From the records below, transcribe only the lines running from the one with "牙床和牙齦疼吃什么藥（牙床和牙齦的區(qū)別）" through the one with "Colorful flowers bloom". Keep both of those end lines.

■ Data for review ■
════════════════
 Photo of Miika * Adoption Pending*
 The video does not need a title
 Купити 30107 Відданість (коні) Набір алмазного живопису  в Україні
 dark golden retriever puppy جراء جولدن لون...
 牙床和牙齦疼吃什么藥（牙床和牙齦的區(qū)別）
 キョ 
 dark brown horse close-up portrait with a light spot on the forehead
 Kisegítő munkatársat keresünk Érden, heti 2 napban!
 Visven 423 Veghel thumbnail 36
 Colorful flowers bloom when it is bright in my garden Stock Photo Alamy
════════════════
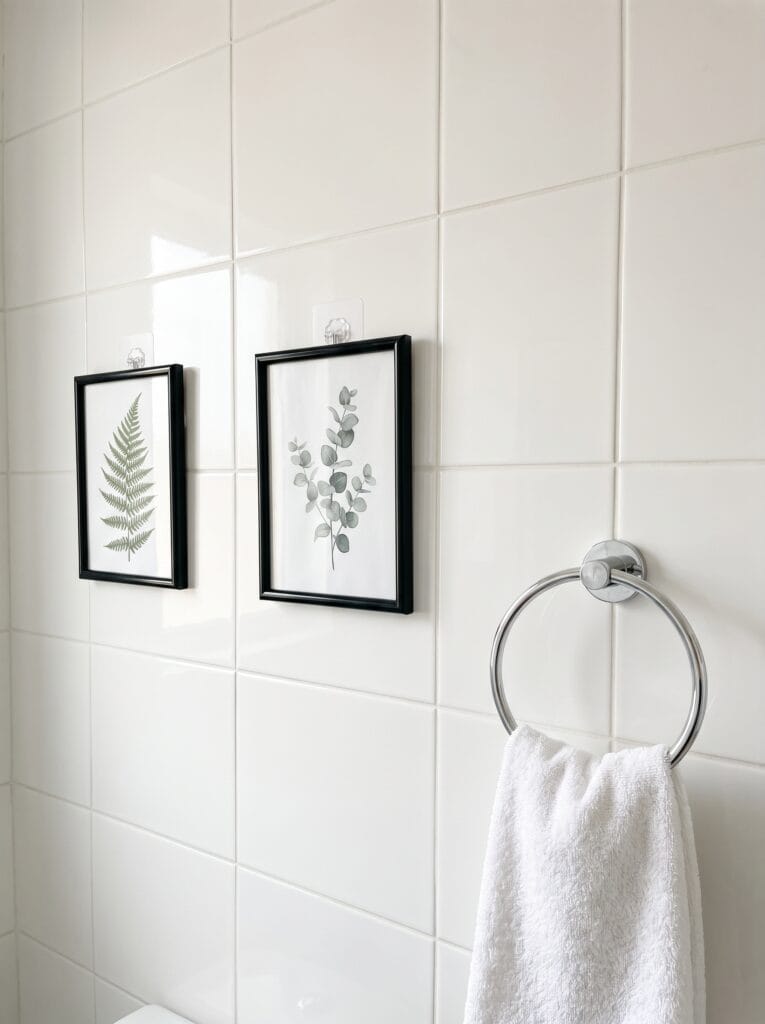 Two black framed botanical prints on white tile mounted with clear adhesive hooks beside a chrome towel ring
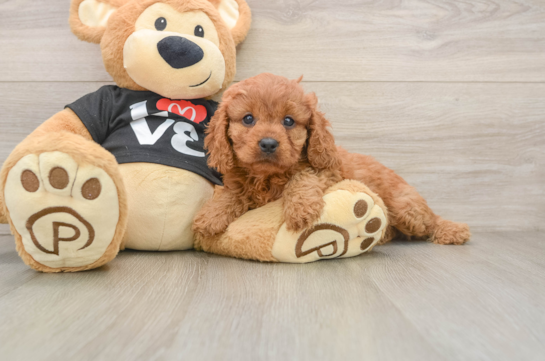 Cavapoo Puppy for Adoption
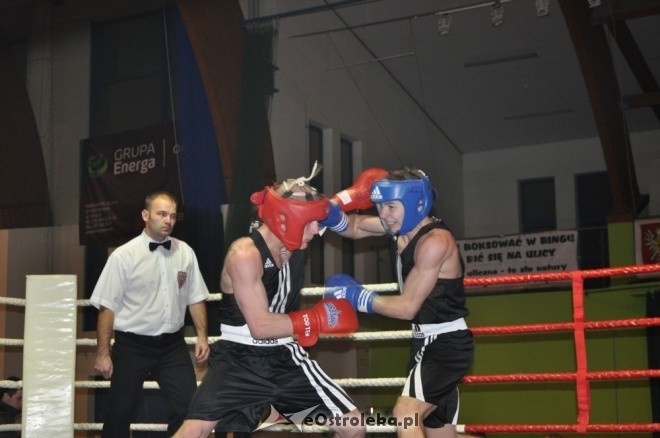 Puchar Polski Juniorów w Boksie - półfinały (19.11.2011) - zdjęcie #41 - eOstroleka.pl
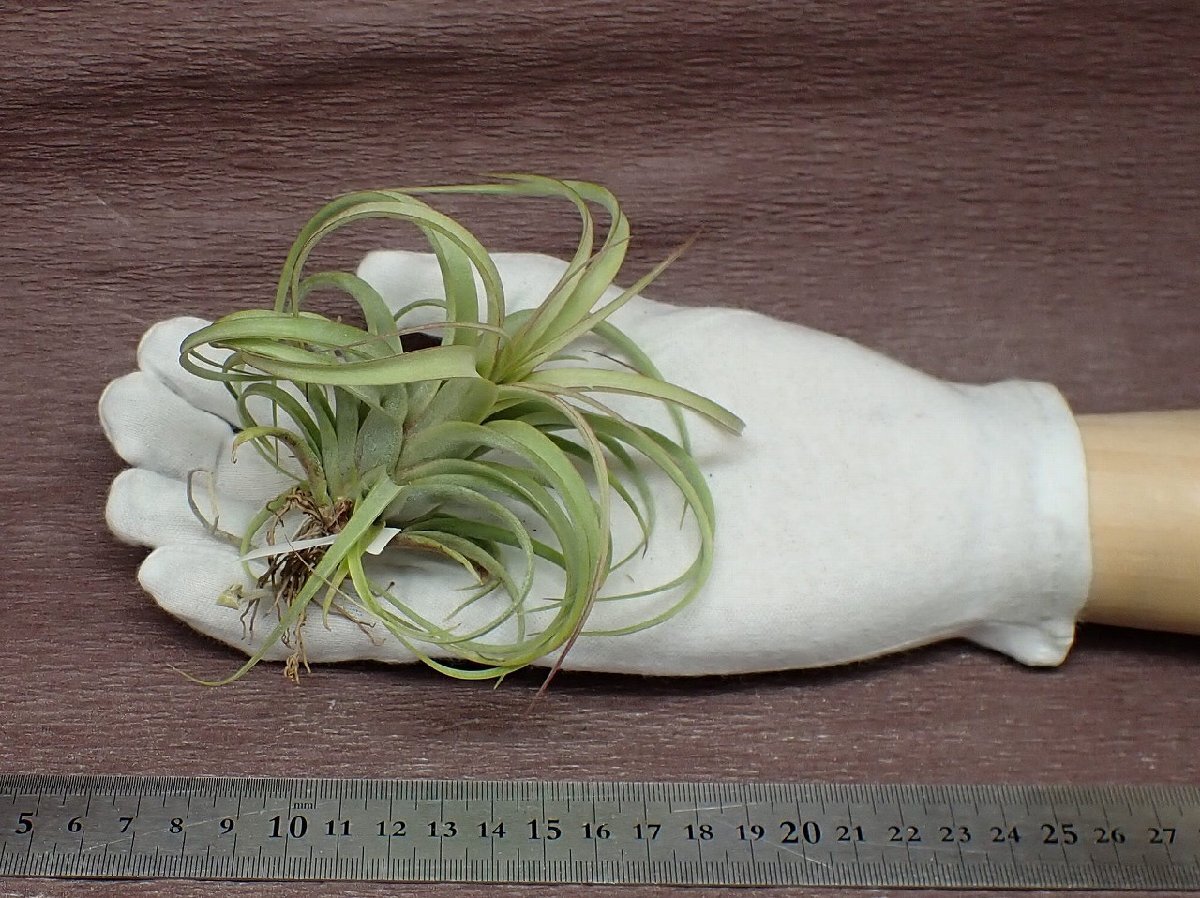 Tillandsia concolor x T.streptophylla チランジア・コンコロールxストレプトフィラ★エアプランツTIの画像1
════════════════
■ Result of the task ■
 牙床和牙齦疼吃什么藥（牙床和牙齦的區(qū)別）
 キョ 
 dark brown horse close-up portrait with a light spot on the forehead
 Kisegítő munkatársat keresünk Érden, heti 2 napban!
 Visven 423 Veghel thumbnail 36
 Colorful flowers bloom when it is bright in my garden Stock Photo Alamy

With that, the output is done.